Süleym Ebi Hüzeyl’den (r.a.) rivayet olundu ki:
Ben, Cerir b. Abdullah’ın (r.a.) kapısının bitişiğinde elbise tamircisiydim. Cerir, evden her çıkışında katıra biner, o zamanlarda alışılanın aksine hizmetçisini yerde yürütmez, eyerin arka bölümüne bindirirdi.
Abdullah b. Selâm (r.a.) sırtında bir yük odun olduğu halde çarşıdan geçiyordu. Ona, “Bunu niçin yaptın? Hâlbuki Allâh (c.c.) seni buna muhtaç etmemiştir” dediler. Abdullah (r.a.) ,“Ben nefsimden kibri uzaklaştırmak istedim. Resûlullâh (s.a.v.)’den “Kalbinde bir hardal tanesi kadar kibir olan kimse cennete girmez” diye duymuştum, dedi.
Hz. Osman (r.a.) geceleri abdest suyunu kendisi hazırlardı. Ona, “Bazı hizmetçilere söylesen bunu yaparlar!” denildi. Bunun üzerine, “Hayır! Onlardan bunu istemem. Çünkü geceler onların istirahat zamanıdır” dedi.
Hz. Aişe (r.anha) anlatıyor: Bir elbise giydim. Elbise çok hoşuma gittiği için ikide bir eteğime bakıyordum. O esnada babam, “Ey Âişe! Bilmez misin Allâh şu anda sana bakmaz” dedi. “Niçin?” diye sordum.

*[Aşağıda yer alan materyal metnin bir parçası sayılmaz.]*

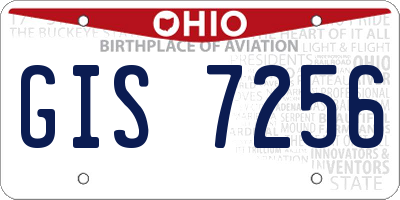 OH license plate GIS7256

“Sen bilmez misin, kul dünya süsüyle gururlanırsa, Rabb’i ona buğzeder; ta ki o süs kendisinden ayrılıncaya kadar” dedi. Bunun üzerine onu sırtımdan çıkardım ve sadaka verdim. Babam, “Umulur ki, sadaka vermen senin günahına keffaret olur” dedi.
Selmân-ı Fârisî (r.a.), Medayin valisiydi. Şam ehlinden, Teym oğullarından bir kişi Medayin’e geldi. Bir yük incir getirmişti. Selman (r.a.)’in kıyafetlerinden dolayı adam onu hizmetçi sanarak, “Gel, bu yükü taşı!” dedi. Selman (r.a.)’in vali olduğunu bilmiyordu. Selman (r.a.) yükü sırtına aldı.
Halk bu durumu görünce adama, “Bu validir” dediler. Adam,
“Vallahi seni tanımadım” dedi. Selman (r.a.),
“Hayır, hayır! Senin gideceğin noktaya kadar bunu götüreceğim” dedi.